BEGIN Records to process

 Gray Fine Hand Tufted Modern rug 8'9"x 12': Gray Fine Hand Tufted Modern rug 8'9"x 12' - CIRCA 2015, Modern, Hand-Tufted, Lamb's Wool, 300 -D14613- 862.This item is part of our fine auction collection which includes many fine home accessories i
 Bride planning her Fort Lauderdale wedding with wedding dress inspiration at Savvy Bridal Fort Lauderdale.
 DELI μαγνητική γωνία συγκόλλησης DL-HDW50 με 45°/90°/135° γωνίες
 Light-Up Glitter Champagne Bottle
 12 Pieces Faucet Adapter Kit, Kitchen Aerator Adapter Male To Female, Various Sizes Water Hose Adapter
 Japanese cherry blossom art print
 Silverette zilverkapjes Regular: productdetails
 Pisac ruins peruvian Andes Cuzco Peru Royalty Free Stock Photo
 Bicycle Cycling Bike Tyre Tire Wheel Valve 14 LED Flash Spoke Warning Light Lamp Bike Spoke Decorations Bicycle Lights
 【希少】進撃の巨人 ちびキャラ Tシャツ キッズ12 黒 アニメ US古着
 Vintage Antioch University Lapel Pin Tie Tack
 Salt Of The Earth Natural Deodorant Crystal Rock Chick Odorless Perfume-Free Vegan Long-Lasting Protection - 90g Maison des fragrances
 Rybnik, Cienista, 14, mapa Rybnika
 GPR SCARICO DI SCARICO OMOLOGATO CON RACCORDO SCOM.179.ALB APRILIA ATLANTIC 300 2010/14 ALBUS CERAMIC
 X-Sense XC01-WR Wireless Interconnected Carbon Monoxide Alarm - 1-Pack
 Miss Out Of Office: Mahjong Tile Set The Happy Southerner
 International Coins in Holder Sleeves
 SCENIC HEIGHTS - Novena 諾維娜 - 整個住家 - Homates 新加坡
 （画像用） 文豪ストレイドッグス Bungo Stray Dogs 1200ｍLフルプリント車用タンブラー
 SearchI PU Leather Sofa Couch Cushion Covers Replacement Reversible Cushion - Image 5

END Records to process

▶ [To do]: Copy out every line above where "Light" is present.

▶ [Output below]:
 Light-Up Glitter Champagne Bottle
 Bicycle Cycling Bike Tyre Tire Wheel Valve 14 LED Flash Spoke Warning Light Lamp Bike Spoke Decorations Bicycle Lights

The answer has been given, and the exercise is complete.